General Design Principles
These principles apply across all pillars and form the foundation of a well-architected system in the cloud:
- Stop guessing your capacity needs: Eliminate guesswork when provisioning resources. You can use auto-scaling to match supply with demand dynamically, reducing costs and improving user experience.
- Test systems at production scale: In the cloud, you can create a production-scale test environment on-demand, complete your testing, and then decommission it. This allows for accurate testing without the high cost of maintaining a permanent test environment.
- Automate to make architectural experimentation easier: Automation allows you to create and replicate systems quickly and reliably. This makes it easier to experiment with different instance types, storage options, or configurations to see what works best.

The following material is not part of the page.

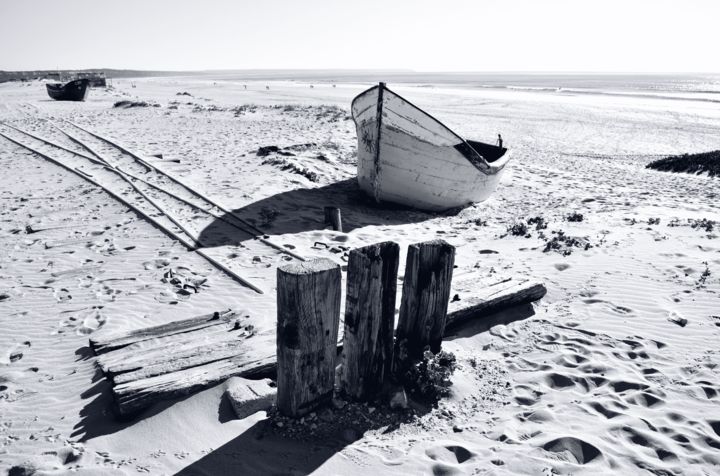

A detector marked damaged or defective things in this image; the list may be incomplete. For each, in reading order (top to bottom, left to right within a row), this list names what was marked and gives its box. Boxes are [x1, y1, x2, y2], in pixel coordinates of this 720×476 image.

broken wooden plank [90, 308, 239, 354]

- Allow for evolutionary architectures: In a traditional environment, architectural decisions are often static and hard to change. In the cloud, you can design systems that evolve. This enables you to automate and test changes, so your architecture can adapt as business needs change.
- Drive architectures using data: Collect data on how your architectural choices impact business goals. Use this data to inform your decisions and select the right architectures and resource configurations.
- Improve through game days: Regularly schedule "game days" to simulate failure events or high-load scenarios. This is a crucial practice for testing how your systems and teams respond to problems, helping you identify areas for improvement before a real event occurs.
The Six Pillars & Their Design Principles
1. Operational Excellence Pillar
This pillar focuses on running and monitoring systems to deliver business value and continuously improving supporting processes and procedures.
- Perform operations as code: Automate everything. Define your entire workload (applications and infrastructure) as code and update it with code.
- Make frequent, small, reversible changes: Design systems to allow for small, incremental changes that can be easily reversed if they fail. This reduces the scope and impact of potential failures.
- Refine operations procedures frequently: Continuously evolve your operational procedures. As you use them, look for opportunities to improve and automate.
- Anticipate failure: Proactively identify potential sources of failure. Test your failure and response procedures to ensure they are effective.
- Learn from all operational failures: Treat every operational failure as a learning opportunity. Conduct a thorough post-mortem to understand the root cause and implement improvements to prevent recurrence.
2. Security Pillar
This pillar focuses on protecting information, systems, and assets while delivering business value through risk assessments and mitigation strategies.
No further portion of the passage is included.